L’italiano è sessista o è sessista il modo in cui lo usiamo?

Possiamo dire che è una lingua a matrice maschile e questo rispecchia la realtà e la struttura sociale e culturale in cui viviamo. Cioè? Dal genere maschile deriva quello femminile e, col tempo, ci siamo abituati a questo, che è diventato la regola: ecco perché c’è la tendenza a usare il maschile sovraesteso – ne ho scritto qui. Allo stesso modo, abbiamo imparato fin dalle elementari a fare le concordanze al maschile quando si accostano due sostantivi di genere diverso. Per esempio diciamo: “le bambine e i bambini sono stati entusiasti della giornata”. Questo rispecchia la mentalità della nostra società, che in alcuni casi di default subordina la donna all'uomo. 

Ma dire che la lingua è a matrice maschile non significa che sia sessista. Infatti, subentrano le caratteristiche della lingua stessa e le possibilità di scelta. L’italiano ha in sé delle soluzioni per non essere usata in modo sessista.

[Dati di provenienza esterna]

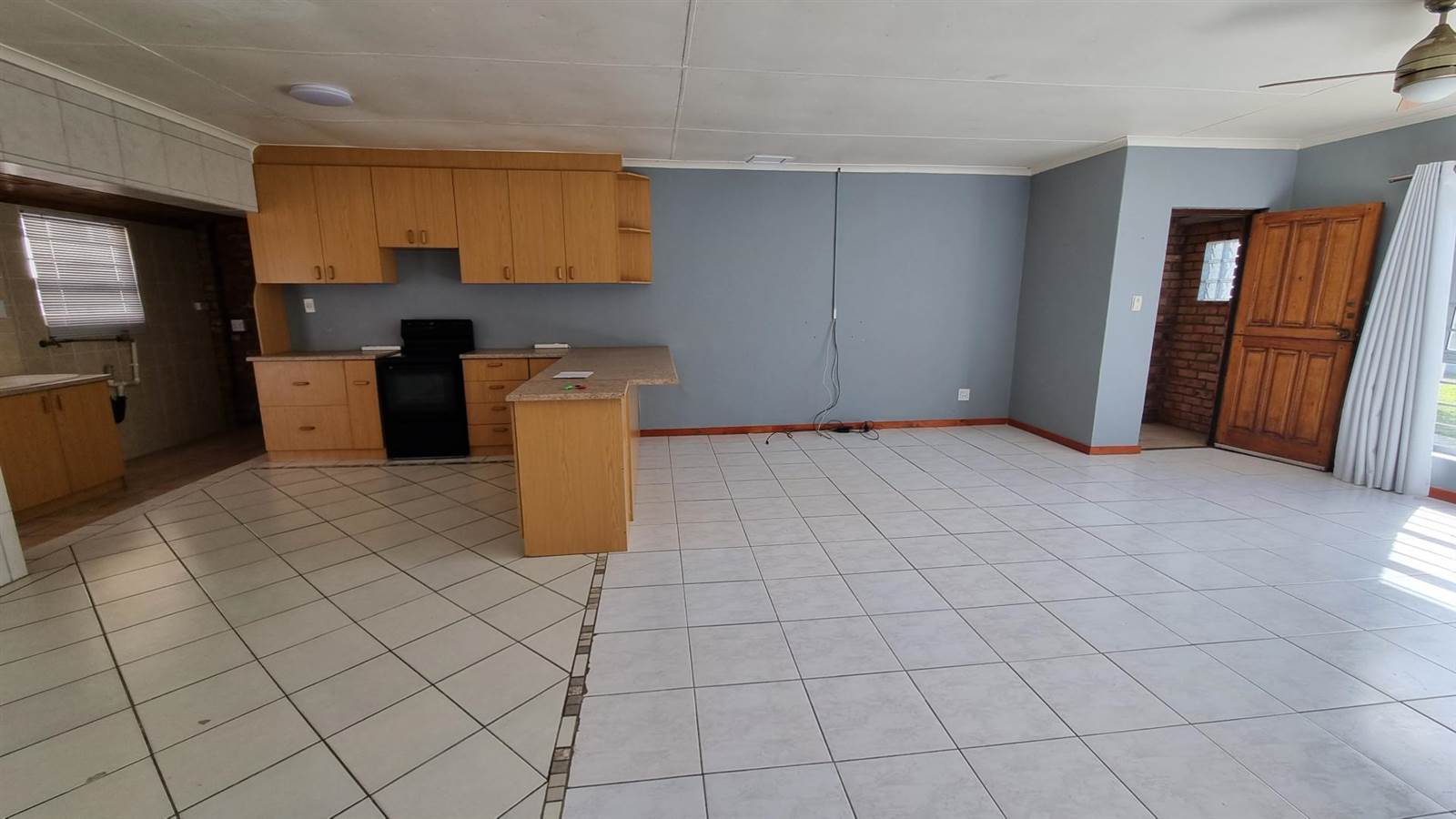 5 Bed House in Struisbaai photo number 6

 Ad esempio, possiamo chiamare “architetto” un professionista di genere maschile e “architetta” una professionista di genere femminile. Possiamo scegliere di non usare il maschile sovraesteso e cercare delle alternative. Possiamo chiederci quale sia il modo migliore di rivolgerci a persone che non si riconoscono né nel maschile né nel femminile. Possiamo fare attenzione a come ci rivolgiamo quando parliamo di una donna o di una persona omosessuale, eliminando dal nostro vocabolario termini come “zoccola” o “frocio”.

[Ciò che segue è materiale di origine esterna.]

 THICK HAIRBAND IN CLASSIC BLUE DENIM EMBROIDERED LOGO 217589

Insomma, possiamo usare l’italiano in modo non discriminatorio e non sessista. Forse però, non siamo sempre pronti a farlo, sia per mancanza di formazione sia per disinteresse e ribellione ai cambiamenti. Poi, bisogna dirlo, a volte anche per sessismo, ma per fortuna si tratta di qualche caso a sé. Quindi, tornando alla domanda? No, l’italiano non è sessista. L’uso che ne facciamo a volte sì.

Il problema più grande arriva quando manca la volontà di usare il linguaggio in modo appropriato.

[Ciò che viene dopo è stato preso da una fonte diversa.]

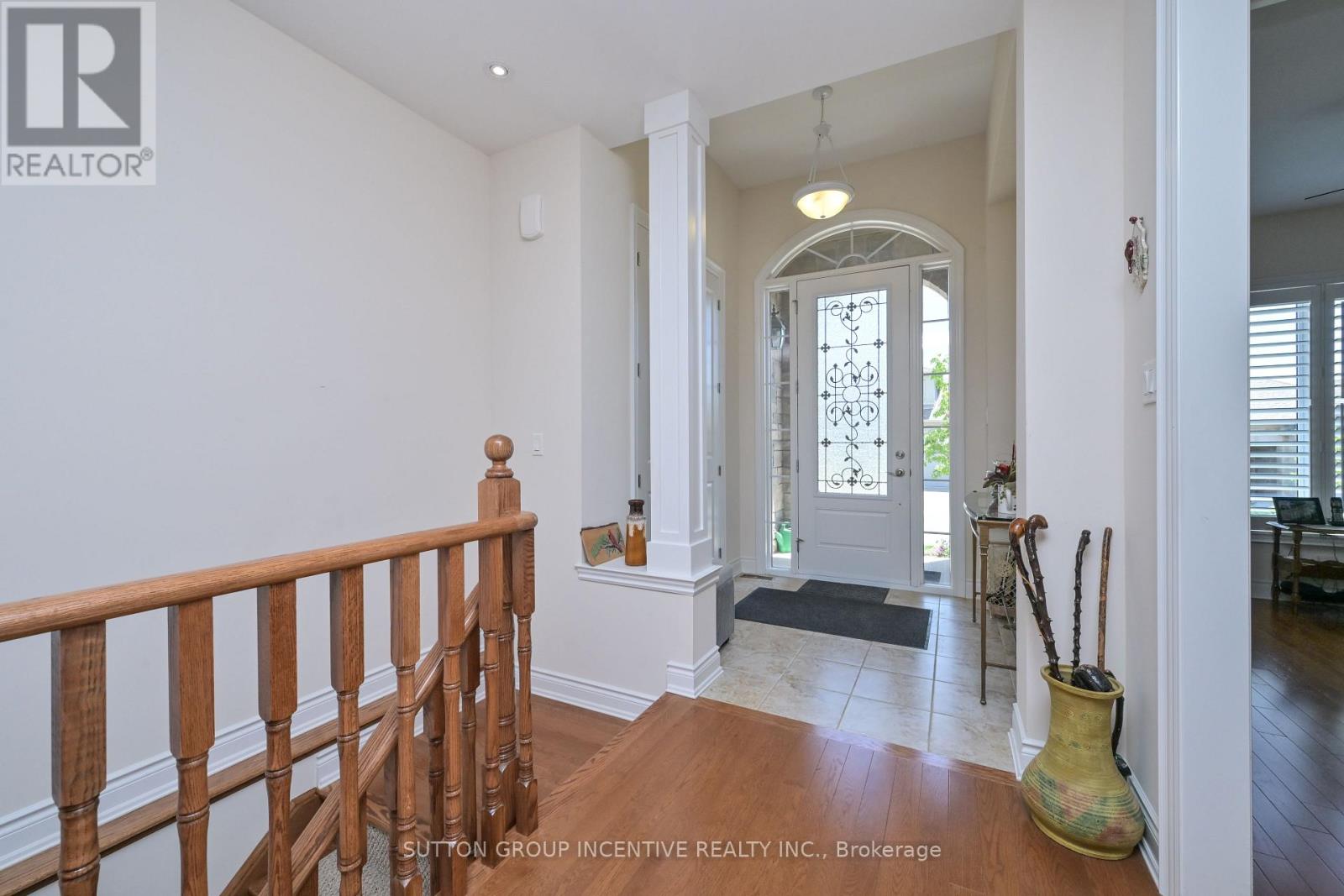 110 RIDGE WAY - 3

L’esempio più palese mi sembra il caso dell’insulto: in quella situazione non c’è la voglia di confrontarsi e capire un punto di vista diverso dal nostro, ma si pensa solo a offendere.

Perché in quella circostanza ci rivolgiamo alle donne con appellativi che riguardano la sfera sessuale? C’è davvero questa necessità? Dove sta il legame tra la sessualità femminile e un torto, più o meno grave, fatto da una donna? È in un pensiero, che esprimiamo attraverso il linguaggio: individuo di genere femminile = sessualità. Questo accade soprattutto nell’immaginario maschile, ma a volte, in modo ancora più triste, anche nella testa di altre donne. Accanto, poi, c’è la volontà di colpire con l’offesa più grave possibile, quindi diretta alla sfera intima e personale.   

Che fare, invece, quando manca la consapevolezza? La risposta più immediata che posso dare è formarsi, provare a capire davvero quali siano le potenzialità della nostra lingua e come poterle usare bene, in modo non sessista e in modo inclusivo.

Perché c’è resistenza al linguaggio inclusivo? 

Usare un linguaggio inclusivo vuol dire fare un uso della lingua che non discrimini sulla base di determinate caratteristiche, ma che “abbracci” il maggior numero possibile di persone. L’idea di l’inclusività viene facilmente associata al genere, ma riguarda anche l’etnia, la disabilità e tante altre caratteristiche, che comunemente intendiamo come “diversità”.

Ciò che è sentito come “diverso” sfugge al nostro controllo e a volte fa addirittura paura, perché viene sentito come una minaccia, come qualcosa che potrebbe danneggiarci o toglierci qualcosa. Ecco che, allora, lo rifiutiamo, lo releghiamo ai margini, facendo proprio ciò che temiamo per noi: lo emarginiamo. Allora, la prima risposta è la paura, spesso e volentieri del tutto immotivata. Ad esempio, fa paura ed è scomoda la riconoscibilità che possono dare un * o uno ə a chi non si ritrova nel binarismo di genere, ovvero la netta separazione maschile/femminile. Si ribatte dicendo che, in questo modo, si negano il maschile e il femminile, ma la volontà è semplicemente trovare una soluzione alternativa all’uso generalizzato del maschile.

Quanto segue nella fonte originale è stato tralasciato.